Is Depersonalized Demographic Data Really Anonymous Information?By Shawn Dougherty | July 7, 2014
Cell phones are a modern-day convenience — and annoyance. A few years ago, a Cornell University doctoral student and her colleagues conducted a study on why overhearing a phone conversation is so distracting and annoying. They found that hearing only half a conversation causes the brain to work overtime trying to decipher the other half of the conversation and fit the pieces together. Our brains are simply wired to solve puzzles, to take the parts of information provided and work toward a solution.
The functionality of our brain is at the core of why depersonalized data is far from anonymous. The natural detective in our brain immediately tries to put pieces together to identify the person behind the data. The theory that depersonalized data could be “anonymous” was debunked back in the mid-1990s. The Massachusetts Group Insurance Commission thought it could make depersonalized medical records public to assist in research and information sharing that would improve health services for all.

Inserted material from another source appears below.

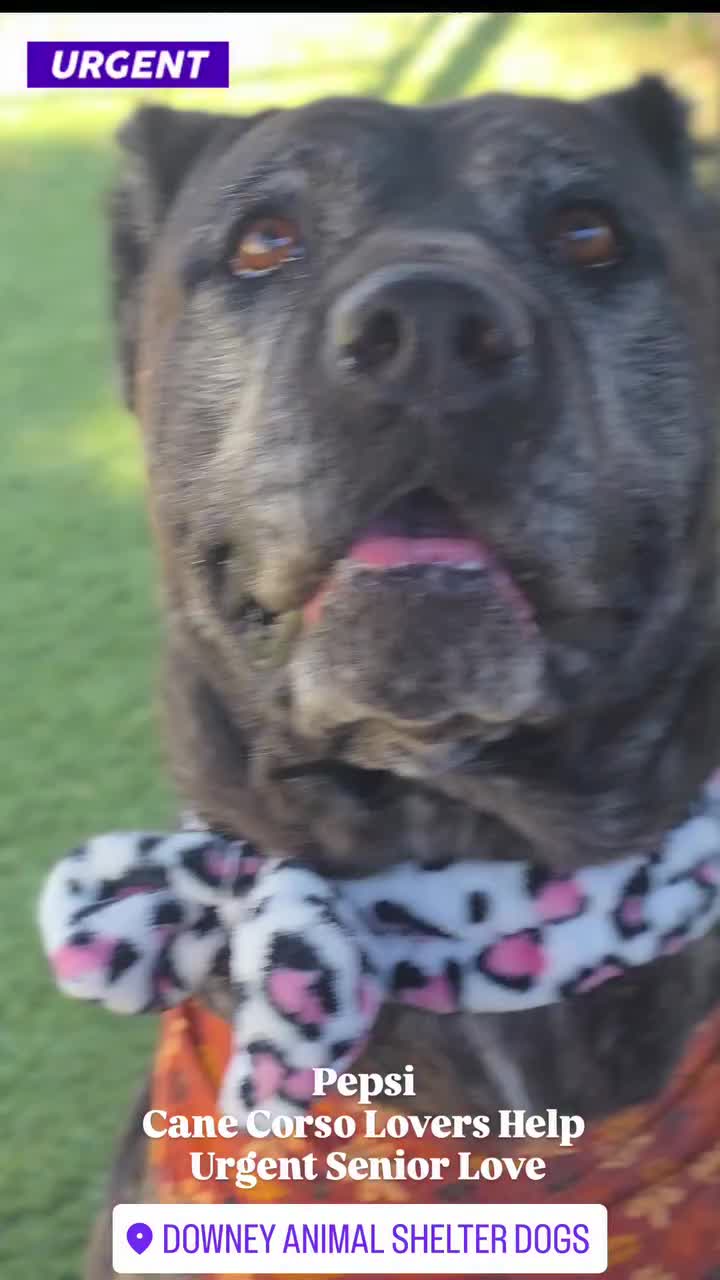 @Cane Corsos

A researcher named Dr. Latanya Sweeney was able to analyze the data and compare it against voter rolls to uncover the medical records and history of the governor of Massachusetts. She then politely mailed the records to the governor to prove her point that there is no such thing as “anonymous” information.

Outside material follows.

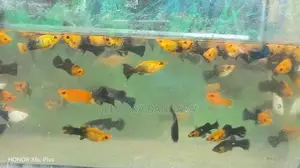 Moli fish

The amount of information captured, stored, analyzed, and sold every day is staggering. The captured data has generally been permission-based, meaning the user gave permission for the data to be collected and used. And to some extent, the data is depersonalized. Unfortunately, few laws and regulations protect individual privacy in the rapidly expanding big data industry.
But that may be changing. The Obama administration’s Big Data and Privacy Working Group released a report in May with six policy recommendations to protect individual privacy, including developing national data breach legislation and advancing the principles presented in the President’s Consumer Privacy Bill of Rights. I wouldn’t recommend holding your breath just yet for any major legislation to pass, but attention is certainly focused on the issue.